There were two reasons for the dismissal of Bin Adyo. The first was the failure to defend Shabwah against the Houthis. Three districts in the west of the province, namely Ain, Behan and Aslan, fell without resistance, making it easier for the Houthis to surround the areas south of Marib, and reach Al-Balq Mountain, Marib city’s last line of defense.
Then there was Bin Adyo’s criticism of the presence and influence of the UAE in Shabwah, especially in relation to the Balhaf gas facility in the Arabian Sea. This gas facility is under the control of the Shabwani and Emirati elite.
Meanwhile, the conflict over Balhaf has a local (north–south) dimension and a Saudi/Emirati versus Qatar dimension. This, despite the fact that Saudi Arabia and the UAE have very divergent interests themselves over the future of southern Yemen.
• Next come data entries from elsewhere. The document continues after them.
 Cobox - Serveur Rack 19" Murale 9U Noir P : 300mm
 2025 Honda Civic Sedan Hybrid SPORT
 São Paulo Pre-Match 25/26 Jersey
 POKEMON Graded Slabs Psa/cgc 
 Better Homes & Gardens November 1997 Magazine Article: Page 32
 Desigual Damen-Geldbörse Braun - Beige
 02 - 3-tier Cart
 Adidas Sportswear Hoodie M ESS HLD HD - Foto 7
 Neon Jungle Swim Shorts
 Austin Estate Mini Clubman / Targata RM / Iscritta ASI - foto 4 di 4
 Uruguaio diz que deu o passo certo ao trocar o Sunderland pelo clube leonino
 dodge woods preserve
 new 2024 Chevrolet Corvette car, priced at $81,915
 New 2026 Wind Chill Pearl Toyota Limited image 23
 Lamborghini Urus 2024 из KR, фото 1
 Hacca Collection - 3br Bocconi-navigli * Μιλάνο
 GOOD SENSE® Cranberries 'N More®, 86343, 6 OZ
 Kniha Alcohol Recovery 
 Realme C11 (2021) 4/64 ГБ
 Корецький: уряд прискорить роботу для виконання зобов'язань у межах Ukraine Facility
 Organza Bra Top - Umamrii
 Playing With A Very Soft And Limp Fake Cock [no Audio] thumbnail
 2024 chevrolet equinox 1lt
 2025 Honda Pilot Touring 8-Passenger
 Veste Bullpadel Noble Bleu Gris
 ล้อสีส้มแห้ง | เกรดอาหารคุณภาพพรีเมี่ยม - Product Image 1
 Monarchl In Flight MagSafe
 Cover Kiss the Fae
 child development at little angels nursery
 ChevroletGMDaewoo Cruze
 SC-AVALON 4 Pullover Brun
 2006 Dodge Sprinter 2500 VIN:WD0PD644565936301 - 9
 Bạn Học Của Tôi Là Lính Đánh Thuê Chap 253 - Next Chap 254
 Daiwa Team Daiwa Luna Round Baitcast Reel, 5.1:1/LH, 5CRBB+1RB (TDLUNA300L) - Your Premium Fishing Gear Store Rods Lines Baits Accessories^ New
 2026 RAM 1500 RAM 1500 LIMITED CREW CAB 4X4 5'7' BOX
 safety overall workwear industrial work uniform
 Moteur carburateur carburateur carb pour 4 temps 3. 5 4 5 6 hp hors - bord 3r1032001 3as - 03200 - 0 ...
These military developments have prompted the UAE and Saudi Arabia, for the first time in years, to coordinate and cooperate after a period marked by major differences in military and political tactics, which sometimes resulted in a clash between their own military agents.
Saudi Arabia has also promised to place a deposit in the central bank in Aden, which is controlled by the Southern Transitional Council (STC), the UAE-imposed south Yemen government in Aden.
In return, the UAE has pushed its forces from the Giants Brigade to Shabwa in a mission aimed at strengthening its positions in areas under their control. The idea is, if the Houthis advance into the directorate of Harib – south of Marib – they will encounter major disruptions on those fronts.
For some, the conflict in Yemen can only end with an international peace conference that drafts a new constitution for Yemen. For others, the military onslaughts already underway will decide that peace.
Will Yemen be whole, or divided in two as in 1967-1990? The battle fought now in Marib will shed light on that answer in the months ahead.